A recuperação é associada à aplicação experimental da polilaminina, fármaco desenvolvido por pesquisadores da Universidade Federal do Rio de Janeiro (UFRJ) ao longo de mais de duas décadas. O estudo tem como principal responsável a pesquisadora Tatiana Coelho de Sampaio, além de equipe técnica vinculada à universidade.
Freitas relatou que pouco se recorda do acidente, ocorrido durante uma viagem em família entre São Paulo e Teresópolis. Ele dormia no banco traseiro do veículo, sem cinto de segurança, quando houve a colisão. A lesão medular interrompeu a comunicação entre o cérebro e o restante do corpo.

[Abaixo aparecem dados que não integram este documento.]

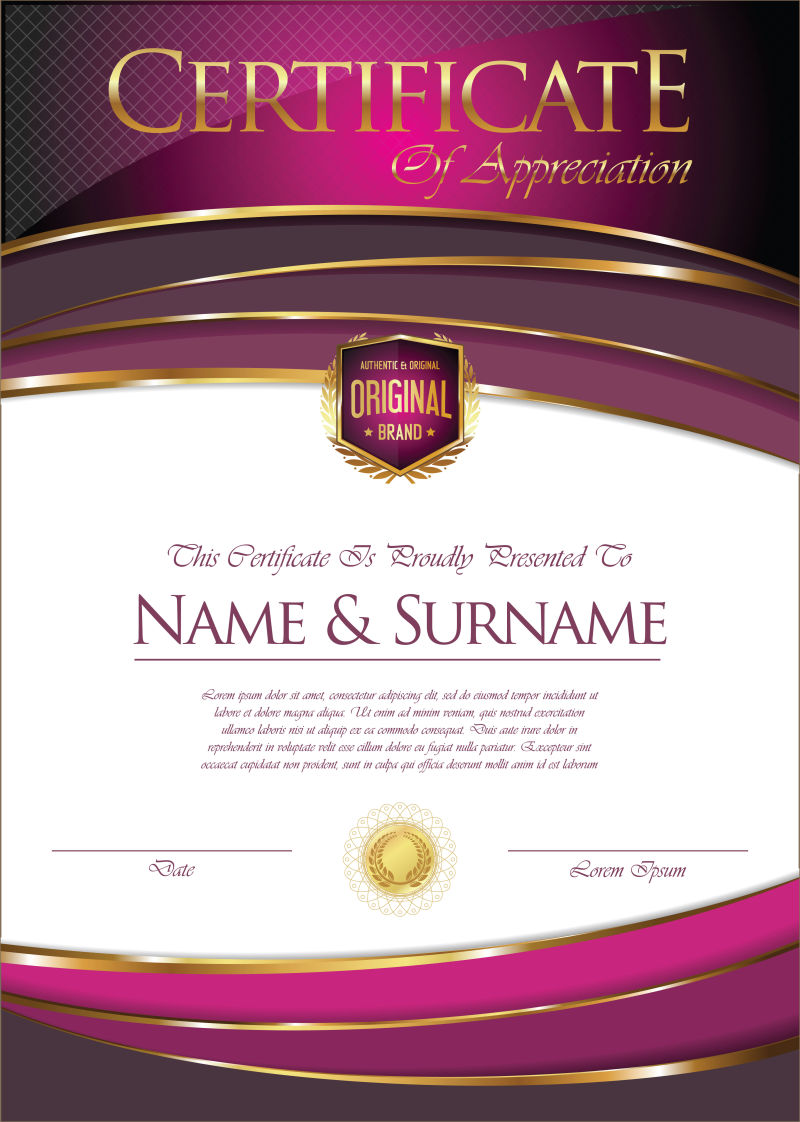 抽象矢量现代粉色金色平面证书设计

Duas semanas após o acidente, foi registrado o primeiro sinal de recuperação: o movimento do dedão do pé. Nos meses seguintes, houve progressão funcional. Atualmente, Bruno consegue caminhar sem auxílio e, em registros recentes, aparece empurrando uma cadeira de rodas.
A polilaminina é uma versão sintética da laminina, proteína produzida naturalmente pelo organismo, especialmente durante o desenvolvimento embrionário do sistema nervoso. O objetivo do tratamento é estimular a regeneração de conexões nervosas rompidas após lesões na medula espinhal, quadro que pode resultar em paraplegia ou tetraplegia.
O medicamento ainda é experimental e não possui aprovação para uso clínico regular. O laboratório Cristália, responsável pela fabricação, mantém tratativas com a Agência Nacional de Vigilância Sanitária (Anvisa) para iniciar a primeira de quatro fases de testes clínicos, etapa voltada à avaliação de segurança.
No caso de Bruno, a aplicação ocorreu 24 horas após o acidente, durante cirurgia realizada no Hospital Adão Pereira Nunes, em Duque de Caxias (RJ). O procedimento incluiu a instalação de suportes de titânio na base do pescoço e na região abaixo das escápulas, devido à fratura vertebral e compressão medular.